The spiritual successor to the popular Fashion Boutique series on Nintendo DS, Fashion Dreamer has been much anticipated by its fans. As a newcomer, though, I’m left with mixed feelings. There’s a lot to like here, but there’s also a serious case of style over substance.
Fashion Dreamer starts out well. You’re introduced to the game’s unique world, a series of interlinked pathways that lead to a number of key areas. Dotted around the world are Muses – other characters ready to be re-styled by you. You’re inundated with tutorials as you start playing, but they do a decent job of getting you up to speed with the basics. You’ll also be tasked with completing some basic quests that introduce you to Fashion Dreamer’s main mechanics. So far, so good.
The trouble is, once you’re done with the introductory tutorial, you’re more-or-less left to your own devices. There are no regular quests for you to complete, and no real structure to play. What you do is up to you. For some players, that’s the perfect scenario. But without any goals to work towards or semblance of progression, I quickly found I lacked motivation to keep playing.
Ultimately, Fashion Dreamer is all about creating outfits. You can combine existing pieces of clothing to create the perfect style – here called a ‘look-it’ – or you can design your own pieces. The designer is rather basic, however, with the main focus simply being changing the colour scheme of an existing blueprint. But there are hundreds upon hundreds of items to choose from that you’ll collect over time, so there’s scope for endless unique outfits, which feels nice.
There isn’t much challenge involved in getting new items: I assumed you’d have to buy them, but no: simply interact with a character and ‘like’ an item of their clothing. Voila: it’s yours. Building up a bursting wardrobe is a doddle, then, and it’s nice to have a wide choice right off the bat. But it would have been nice to feel like there was some work involved in acquiring them. Especially considering you do earn in-game currency as you play – but this is mainly used to buy furniture in your showroom, and when designing new clothes.
Onto your showroom: you have a small area where you can essentially create your own clothing store, kitting it out with various decorations and showing off your favourite outfits. You’re not limited to your own designs here: you can showcase anything you’ve collected, which feels like an odd choice. But I suppose the onus is on you if you simply want to show off your own stuff.
Fashion Dreamer has both an online and offline mode, which both operate pretty much identically. When you’re offline, all Muses you come across are random CPU characters, which task you to create look-its for them based on a particular prompt. Maybe they’ll ask for a certain colour, a particular style or the use of a specific item. You’ll be rewarded based on how well you match their request, as well as how stylish your selection is in general.

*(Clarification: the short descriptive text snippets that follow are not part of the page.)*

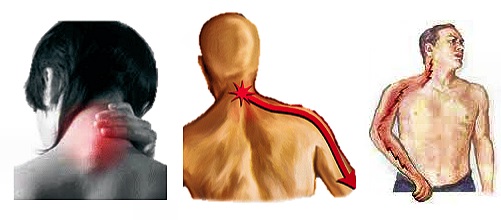 irradiations caused by cervico-brachial neuralgia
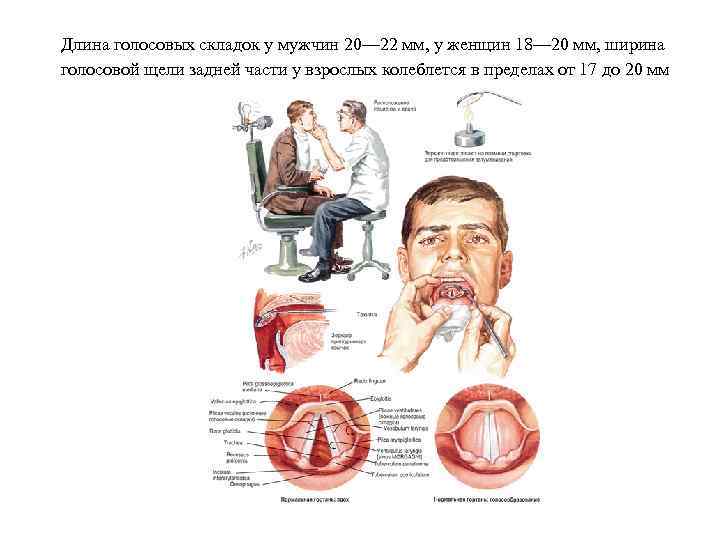 Длина голосовых складок у мужчин 20— 22 мм, у женщин 18— 20 мм, ширина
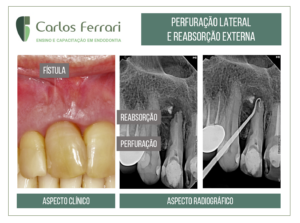 Read more about the article Root perforation and external root resorption.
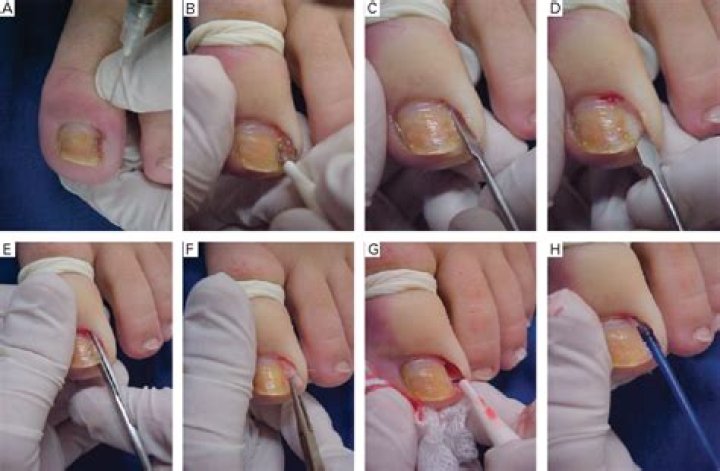 What is phenol Matricectomy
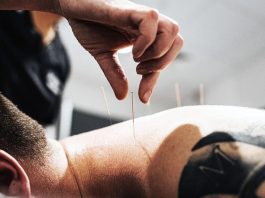 The Science of Acupuncture: Understanding the Health Benefits of This Traditional Chinese Medicine Practice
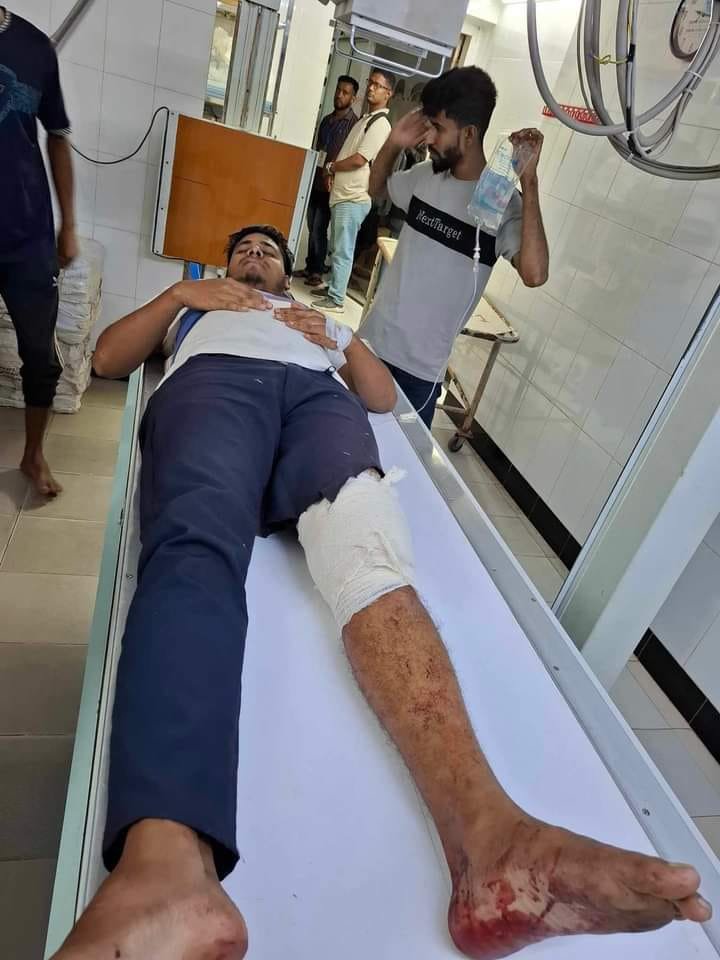 ছাত্রদল নেতার হাঁটুতে অস্ত্র ঠেকিয়ে গুলি 1 IMG 20241029 WA0114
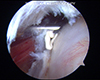 Shoulder Arthroscopy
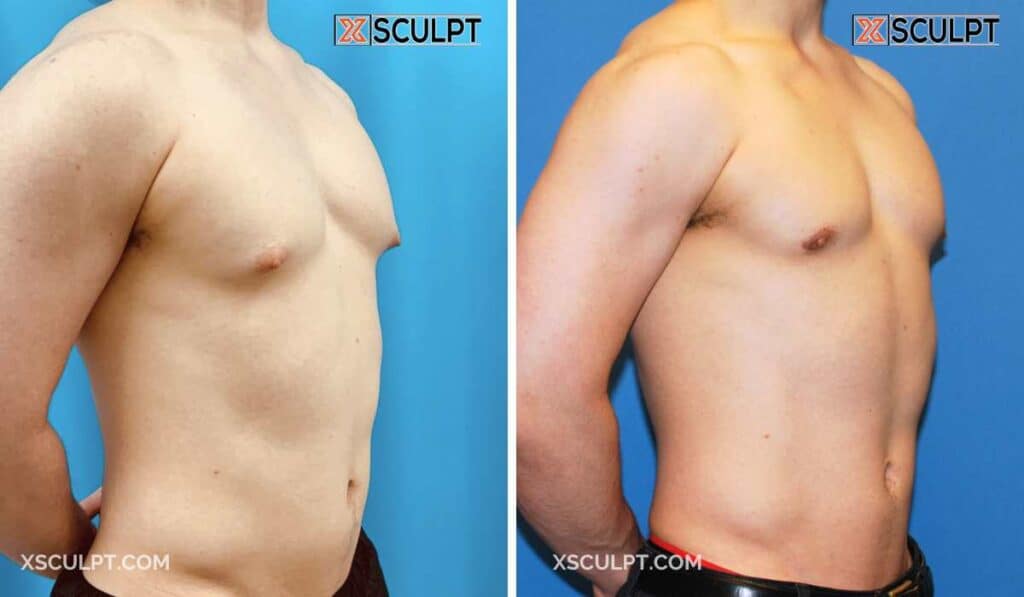 Grade 1 Gynecomastia by Dr. Marc Adajar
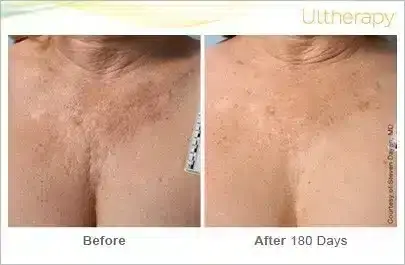 ultherapy_018p-d_beforeandafter-180day_1tx_chest-800x350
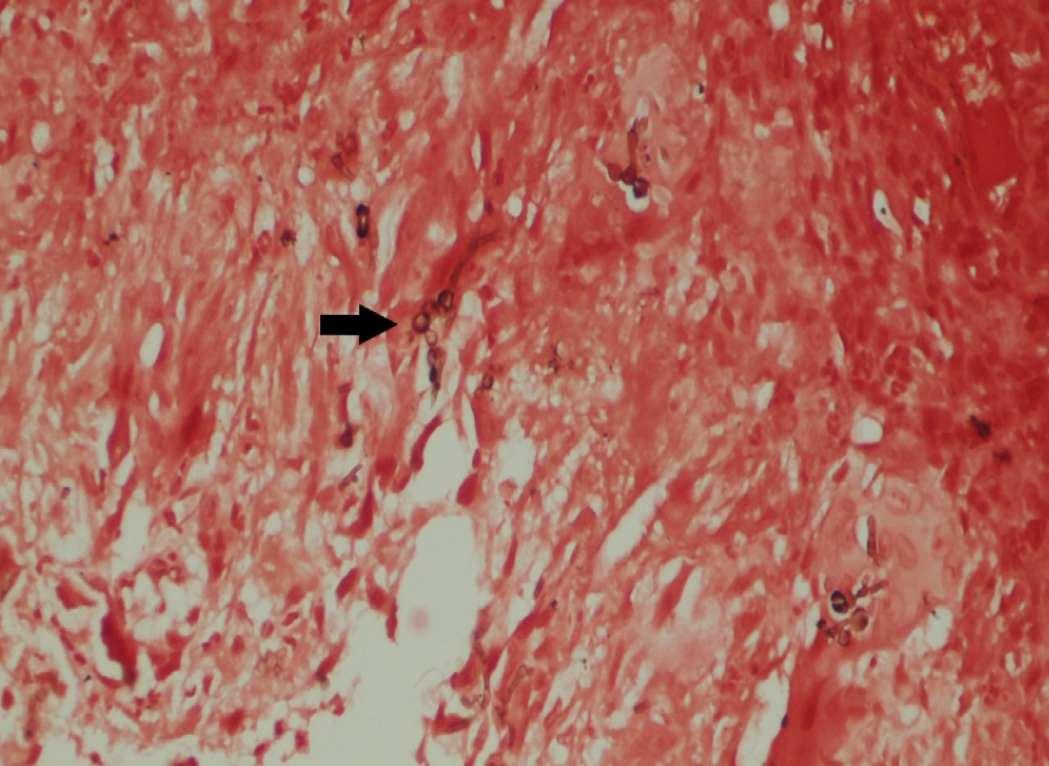 Masson-Fontana stain highlighting the melanin pigments of phaeohyphomycosis [40x] (black arrows)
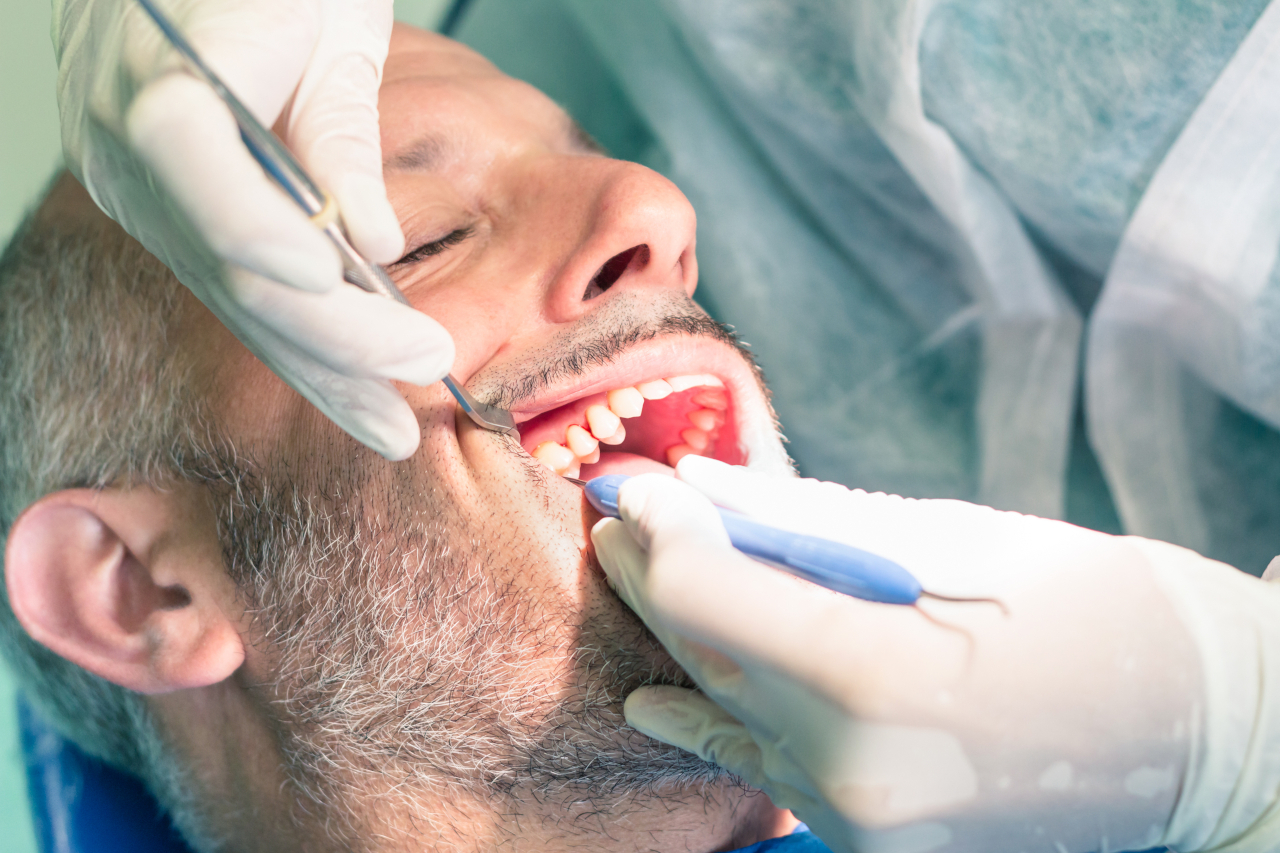 Dream Dental | Dental Cleaning in Toms River, NJ: What Happens If You Keep Putting It Off? Dream Dental | Dental Cleaning in Toms River, NJ: What Happens If You Keep Putting It Off?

In online mode, however, you’ll also find Muses of other players. You can restyle these Muses based on a player’s inputted likes, and you’ll be similarly rewarded. The real draw of online mode is being able to share your designs with other players, and similarly having access to clothes designed by others. You’ll find way more clothes to add to your wardrobe when playing online, so it’s worth doing – even if loading times are a little slower thanks to having to factor in the online server.
Creating outfits is hugely entertaining. If you’re the type of person who spends far too long in a game’s character creator screen, you’re going to have a whale of a time piecing together outfits in Fashion Dreamer, making everyone look their absolute best. But that’s about all there is to do here. Sure, showing off your own designs in your showroom can be entertaining, especially if you’re playing online. But a serious lack of substance and any semblance of challenge really lets the experience down. Playing dress-up is a fun and relaxing way to pass the time, but if you’re expecting anything more, you’re going to be disappointed.